The grant, titled “Leveraging interactive SMS messaging to monitor and support maternal mental health in Kenya”, will fund Ronen’s research through May 2022 with a total award of $128,116. Ronen explained the purpose of this grant, as well as the public health impacts it can create.
“For the last several years, our group has used SMS text messaging interventions to support a variety of health outcomes. This approach holds a lot of promise in extending access to mental healthcare globally, especially in resource-limited settings,” said Ronen. “In this grant, we plan to build tools to improve the efficiency and impact of this approach to support maternal mental health in Kenya.”
Perinatal depression, defined as major or minor depressive episodes during pregnancy or in the first year postpartum, affects 13% of peripartum women around the world. This can have negative health effects not only on the mothers, but also their infants. In areas where clinic-based mental health care is limited, mobile interventions like SMS text messaging can provide a resource-efficient alternative.
However, there are still significant gaps that keep these services from reaching their full potential. Research shows that behavioral interventions are most effective if they adapt in real-time to people’s needs and contexts, but most SMS interventions don’t do that. Having an open channel of SMS communication with women provides an opportunity to learn about their psychological state and adapt the intervention they receive in real-time.

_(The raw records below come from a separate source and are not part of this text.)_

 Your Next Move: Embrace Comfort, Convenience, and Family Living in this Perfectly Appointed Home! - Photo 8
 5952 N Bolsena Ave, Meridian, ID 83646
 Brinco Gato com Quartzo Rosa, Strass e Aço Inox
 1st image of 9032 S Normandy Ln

“To make an intervention adaptive without increasing provider workload, we can use computational methods called natural language processing,” said Ronen. “In this grant, we plan to use a collection of several hundred thousand SMS messages exchanged with women in our past and ongoing studies in Kenya to build computational models that predict women’s mental health status using features of their SMS messages.”
These models will then be used to automate detection of participant SMS indicating elevated depression symptoms and flag these messages for targeted responses in a pilot adaptive intervention nested within the ongoing Mobile WACh NEO study in Kenya.

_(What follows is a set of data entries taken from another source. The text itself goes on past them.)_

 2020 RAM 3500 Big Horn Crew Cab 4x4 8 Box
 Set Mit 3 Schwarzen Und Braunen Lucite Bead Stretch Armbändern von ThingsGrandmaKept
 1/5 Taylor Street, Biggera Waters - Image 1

“This project will allow me to gain the skills to apply natural language processing to our SMS messaging projects, and lay the foundations for future resource-efficient, adaptive interventions with maximum impact on the health of women in resource-limited settings.”
Ronen will be mentored on the grant by an interdisciplinary team made up of Noah Smith (Professor of Computer Science), Dror Ben-Zeev (Professor of Psychiatry and Behavioral Sciences, Adjunct Professor of Global Health), and Grace John-Stewart (Professor of Global Health, Medicine, Pediatrics and Epidemiology). Additional collaborators include Jennifer Unger (Assistant Professor of Global Health and Obstetrics and Gynecology), John Kinuthia (Head of Research and Programs at Kenyatta National Hospital), Manasi Kumar (Senior Lecturer in the Department of Psychiatry at University of Nairobi), and Brian DeRenzi (Director of Research Strategy at Dimagi South Africa).